Thank you in advance for taking the time to read and/or answer my question. I appreciate your time. I'm, not sure how to pose this question either but here goes...
I recently used a cash-out refi to purchase a SFR rental property for 100% cash but I am now wondering if it would have wiser to buy it using a traditional mortgage from a tax perspective. Will I file a Schedule E for this property and get benefits like depreciation?
@Frank Wells Due to debt tracing rules, the interest is deductible on your schedule e for your new property. A traditional mortgage wouldn't have made a difference relating to the deductibility of your interest expense. Since the debt is being used for your new property, this is where the interest expense is "traced" to. Hope this helps!
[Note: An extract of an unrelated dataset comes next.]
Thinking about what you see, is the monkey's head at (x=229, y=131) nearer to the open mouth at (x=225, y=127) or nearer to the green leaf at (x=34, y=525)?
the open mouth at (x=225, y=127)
@Frank Wells to answer your other questions, it's treated just like any other rental. You file a schedule e, deduct depreciation, etc.
@Taylor Brugna could you go into more detail?
Being the BRRR strategy is common on here with myself included I want to understand you correctly. You are saying the mortgage interest paid should not be treated as an expense to the same property that mortgage is tied to if a cash out refi has been done?
Example house A bought for $100 cash. Fixed up and then $150 mortgage is placed on it and I buy house B for $100 cash. At tax time I write off mortgage interest on house B that has no mortgage on it?
I am not a CPA, but that's not how I'm been instructed to do it nor how I do it. I was under the impression house A has debt, house A gets a write off.
Please elaborate. Thanks
@Josh C. , sure thing. The main question to ask is: What is the debt being used for?
Let's say you have a primary residence and take a 100k heloc on it to buy a rental property. You wouldn't take the interest on schedule a (for your primary), you would take the interest on schedule e for the new rental property. What if you refinanced a rental and then used the proceeds to pay off your primary mortgage?That wouldn't be a rental deduction.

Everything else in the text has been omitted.